新学期が始まってから、およそ2週間が経とうとしています。
毎朝、こどもが起きるかどうか気を揉み、学校や新しい担任の先生とのやり取りに対応する……。
不登校の状態、あるいは行き渋りがあるお子さんを持つ保護者の方にとって、この2週間は心身がすり減る日々だったのではないでしょうか。
まずは、今日までよく乗り切りましたね。本当にお疲れ様です。
さて、そんな疲労が溜まっている木曜日の夜、親御さんの心にはふとこんな思いがよぎっていないでしょうか。
「明日1日だけ頑張って学校に行けば、あとは土日で休めるのだから、明日だけでも行ってほしい」
今回は、週末を目前にした夜につい口にしてしまいがちな「親の励まし」と、こどもに「休養の許可」を出すべき本当のタイミングについてお伝えします。
「明日行けば休みだよ」の励ましが、限界を超える引き金に
親として「せめて週末前くらいは登校してほしい」と願うのは当然の愛情であり、少しでもハードルを下げようとして、 「明日行けばお休みだから、頑張ってみない?」 と声をかけたくなるお気持ちは痛いほど分かります。
しかし、もしお子さんが今、「なんとか学校に行けているけれど、帰宅後はぐったりして辛そうにしている」、あるいは「心身ともに疲れ果てて学校に行けていないのに、『行かなきゃ』と激しく葛藤している」状態であれば、この声かけは避けるべきです。
このような状態にあるこどもは、新学期のプレッシャーの中で見えないエネルギーを激しく消耗し、すでに限界を迎えています。

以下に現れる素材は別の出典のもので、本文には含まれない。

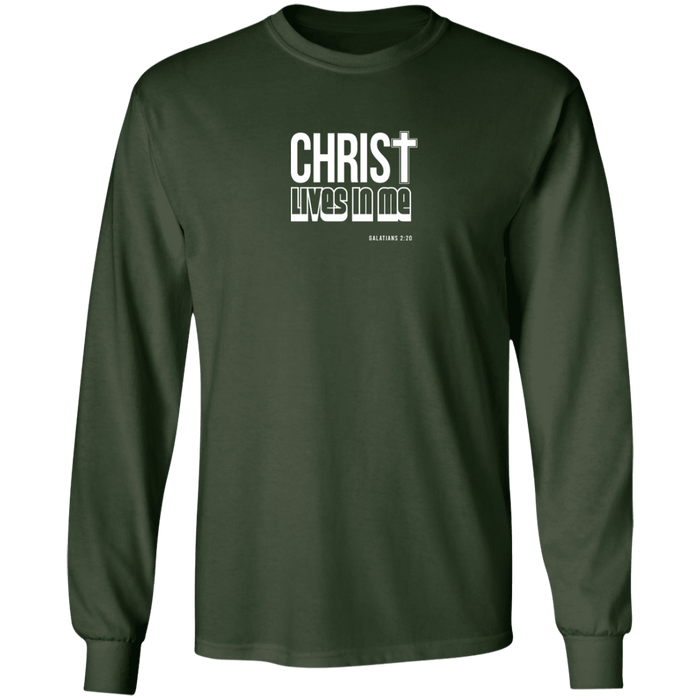 Christ Lives in Me Men’s LS Ultra Cotton Tee Shirt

そこに「明日行けば(あと1日だから)」と期待をかけられると、それは励ましではなく「どんなに限界でも、明日は行かなきゃいけないんだ」という強烈なプレッシャーとして重くのしかかり、心身をさらに深く壊してしまう引き金になりかねません。
「休養許可」を出すべき本当のタイミング
では、親はどのように関わればよいのでしょうか。
私は不登校支援の現場で、親御さんに「休養許可」を出してあげることの重要性をお伝えしています。
しかしこれは、「木曜日だから、明日を休ませて3連休にしよう」といったスケジュール上の話ではありません。

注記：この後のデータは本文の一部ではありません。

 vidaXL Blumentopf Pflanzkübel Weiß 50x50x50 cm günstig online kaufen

休養許可を出すべき本当のタイミングとは、まさに先述したようなこどもが心身の限界サイン(SOS)を出している時です。
なんとか登校しているけれど、笑顔が消え、食欲もなく辛そうにしている時。
学校に行けない自分を責め、「行かなきゃ、でも体が動かない」と苦しんでいる時。
そんな姿(心のSOS)に気づいた時こそ、曜日に関係なく、 「今週は新学期のプレッシャーの中で、本当によく頑張って耐えたね。明日はもうお休みして、ゆっくり休もう」 と、親の方から「休む許可」を出してあげてください。
親からの許可が、こどもの「行かなきゃ」の呪縛を解く
真面目で責任感の強いこどもほど、自分自身に「休む許可」を出すことができません。
限界を超えてもなお「行かなきゃ」という呪縛に囚われています。
一番の安全基地である親から「休んでいいよ」と先回りして許可を出してもらうことで、こどもの張り詰めた緊張の糸はスッと解け、ようやく深い安心感の中でエネルギーを回復させるための「休養」に入ることができます。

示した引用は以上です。